A room has 3 lamps. From a collection of 12 light bulbs of which 5 are not working, Richard selects 3 at random and puts them in the sockets. What is the probability that he will have light?

Answer 1

I'm glad I'm not the only one stumped by this one, lol.

Answer 2

I guess the probability is 7/12 since each of the light bulbs has a 7/12 chance of working and only one is needed to have light??

Answer 3

I calculated

\[(7*6*5) \div (12*11*10) = .159\]
or 15.9%

But that's for selecting 3 good bulbs. Do the same with two bulbs

\[(7*6) \div (12*11) = \]
or 31.8%

And with one bulb

\[7 \div 12 = .583\]
or 58.3%

So the answer seems to depend on the criteria for "having light", which is what makes it so confusing. Plus, we'd like to consider the probability of any of these conditions obtaining in any combination.

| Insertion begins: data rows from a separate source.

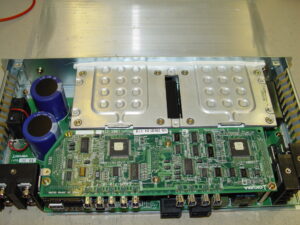 Okuma Servo Drive Unit MIV0101-1-B1 1006-2224 offen vor der Reparatur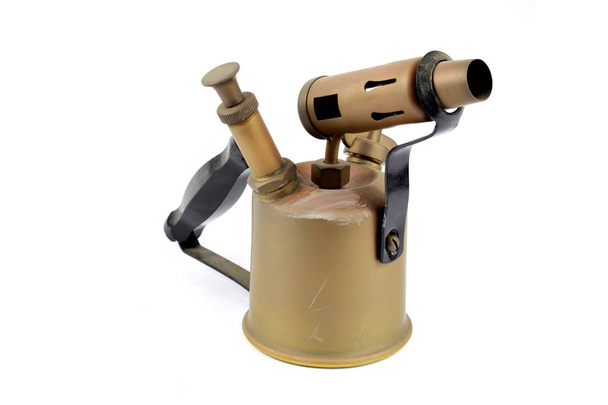 Lanzador de llama de soplete de fuego de latón vintage sobre fondo blanco
 - Foto, imagen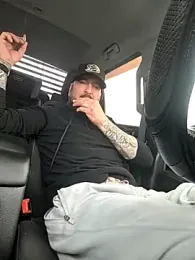 Beardedtattood — 在 stripchat 直播的网络摄像头模特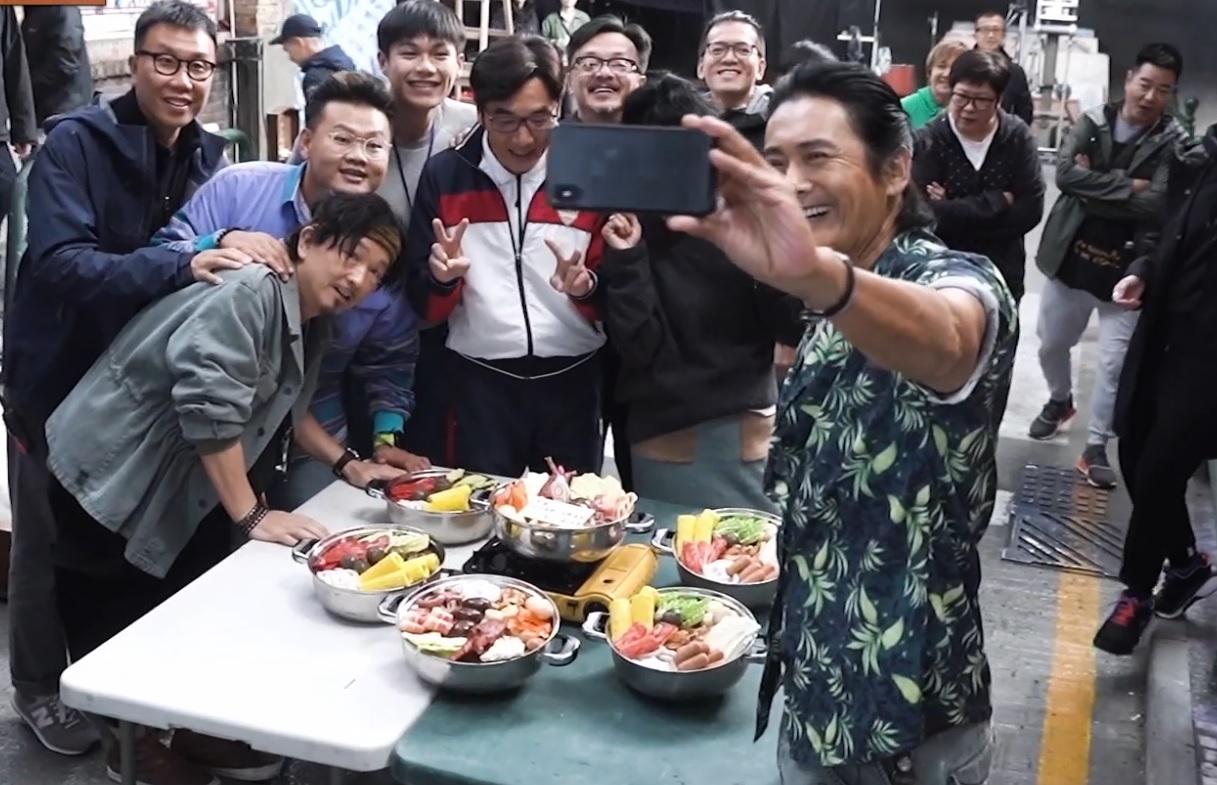 發哥為方中日送上生日驚喜。(截圖)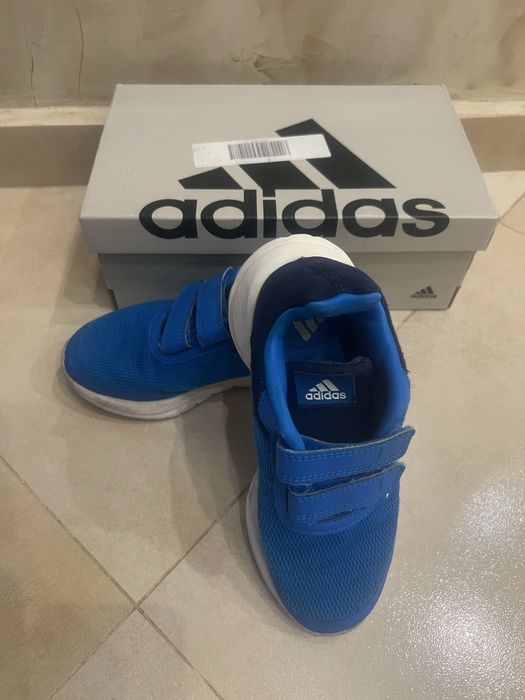 Маратонки adidas
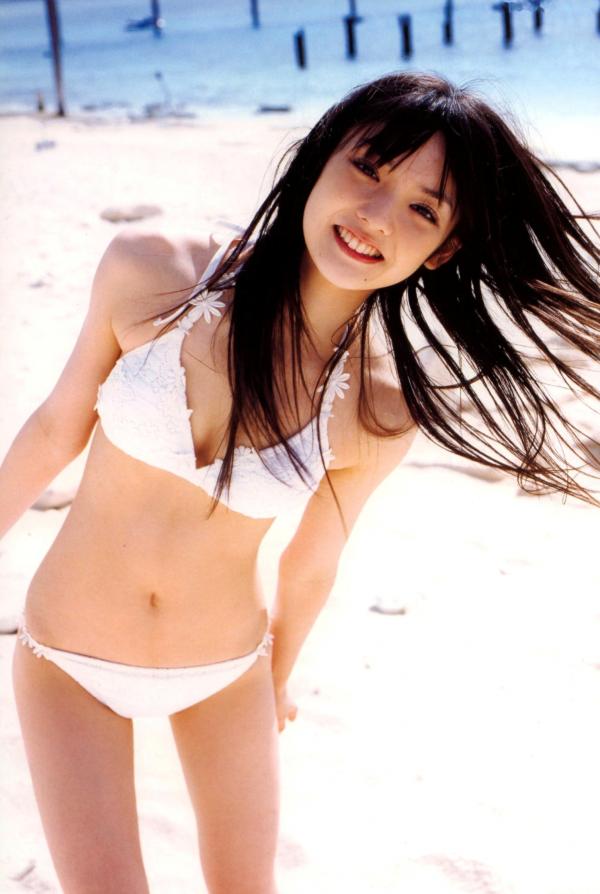 道重さゆみ 道重沙由美  PB写真集：道重沙由美《Doukei》精选集，涵盖泳池比基尼与唯美和服造型，日本清纯治愈系女神写真[46P]第18张图片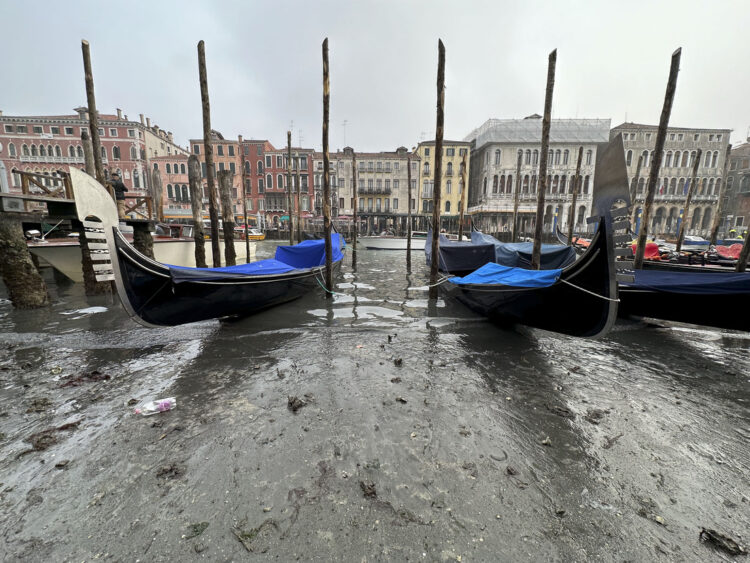 Venecia: Sus famosos canales se encuentran casi secos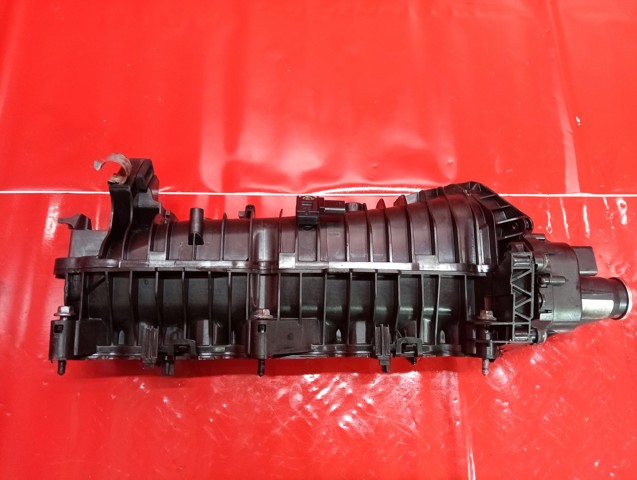 Колектор впускний 7807991 BMW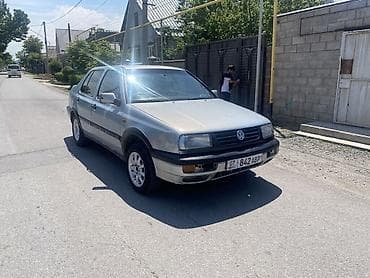mini ev: Volkswagen Vento: 1994 г., 1.8 л, Механика, Бензин, Седан — 5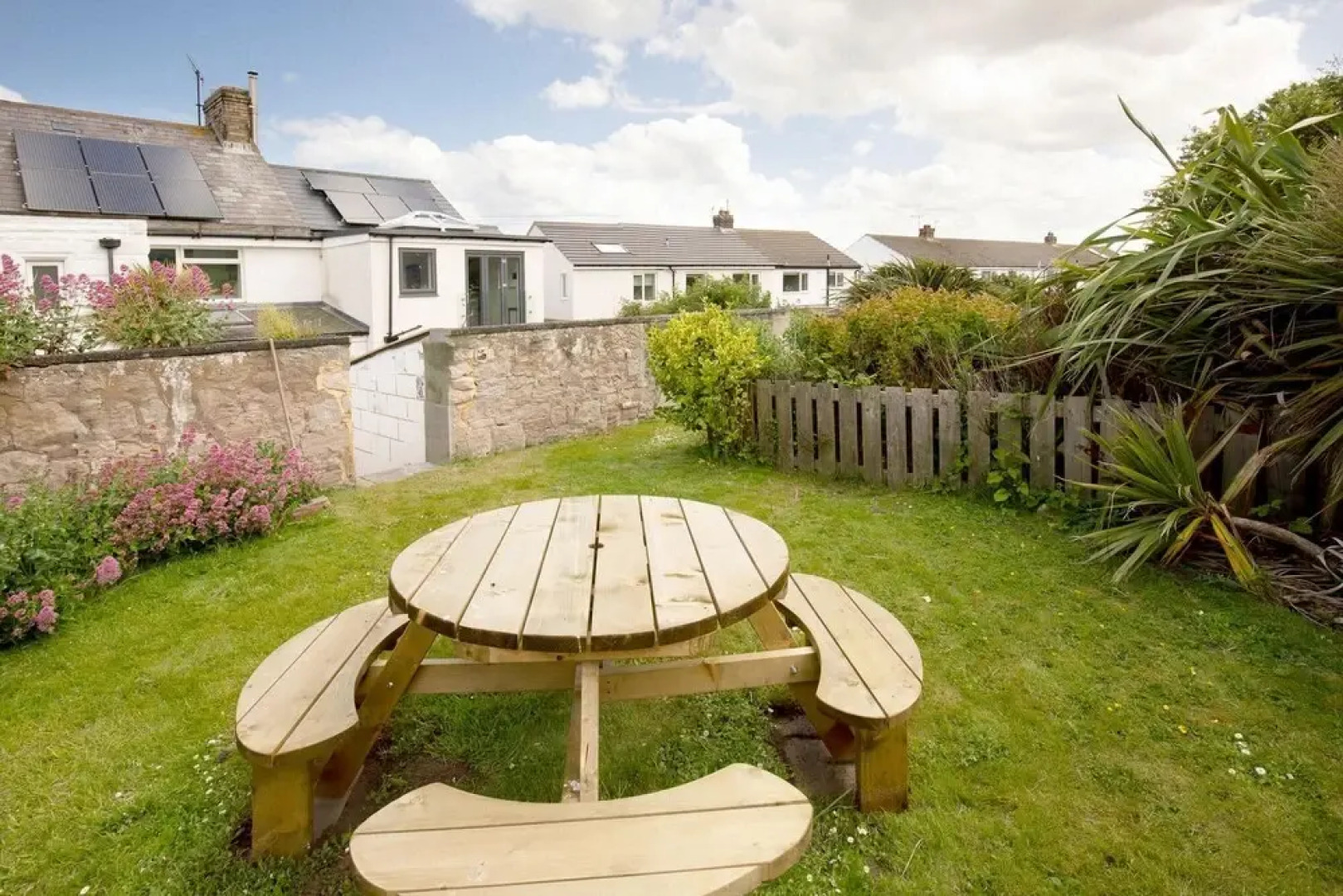 Host Stay Craster Waves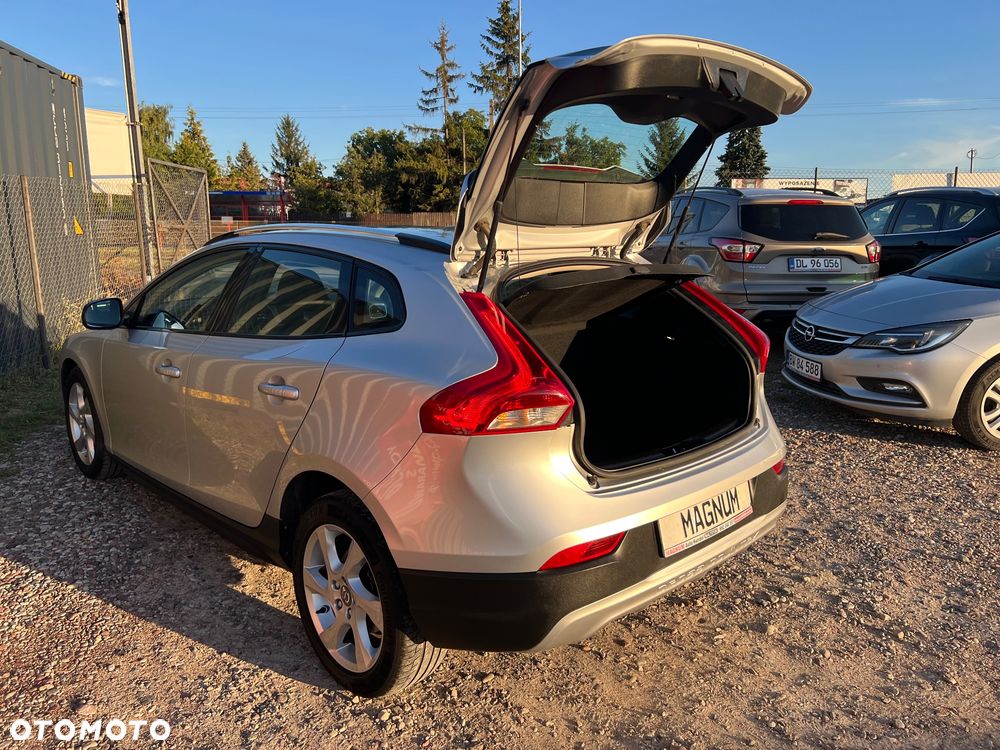 Volvo V40 Cross Country D2 Momentum - 36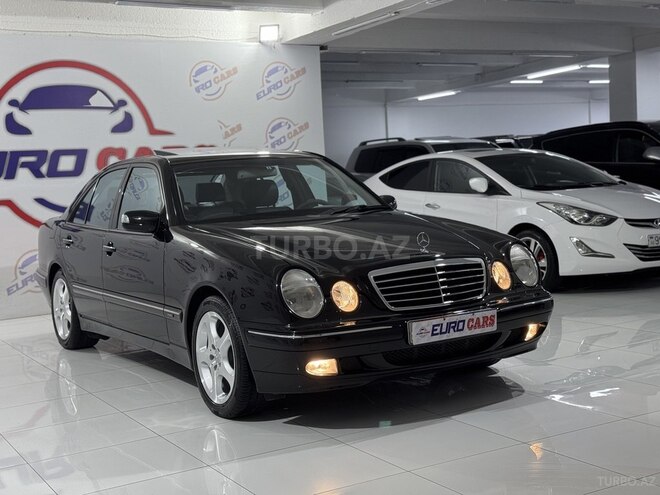 Mercedes E 240-8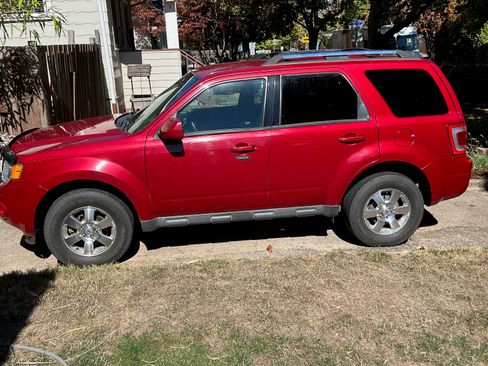 Used 2011 Ford Escape Limited image 1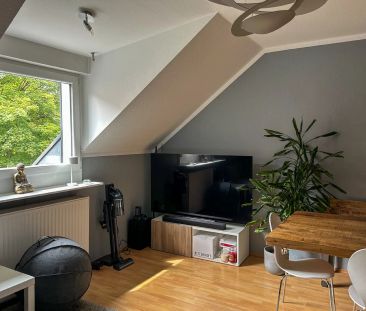 Gemütliche Dachgeschosswohnung mit Balkon - Hier wartet Ihr neues Z... - Photo 1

The process yields errors if we keep trying to figure out how to choose a good bulb.

So let's turn the question on its head and ask what's the probability of no light?

\[\left(\begin{matrix}12 \\ 3\end{matrix}\right) = 12! \div 3!9! = 20\]
then how many ways to choose 3 bad bulbs?

\[\left(\begin{matrix}12 \\ 5\end{matrix}\right) = 12! \div 5!7! = 792\]
Divide and subtract from one to get the probability of there being light.

1 - 20/792 = 97.5%

Answer 4

What if I change the wording: A room has 3 lamps. From a collection of 12 light bulbs of which 5 are not working, Richard selects 3 at random and puts them in the sockets. What is the probability that one of the lamps will light up?

Does this result in the answer 7/12?

Answer 5

Now I'm getting a bit confused. Let's say the first two of three bulbs are bad. Then the third has a 7/10 chance of being good. But that doesn't fix the *overall* probability at 7/10. Likewise, 7/12 only refers to the first of three bulbs.

It's counter-intuitive, but given the scenario I think you need to think about the probability of Richard not being without light. Otherwise, the values seem to vary wildly.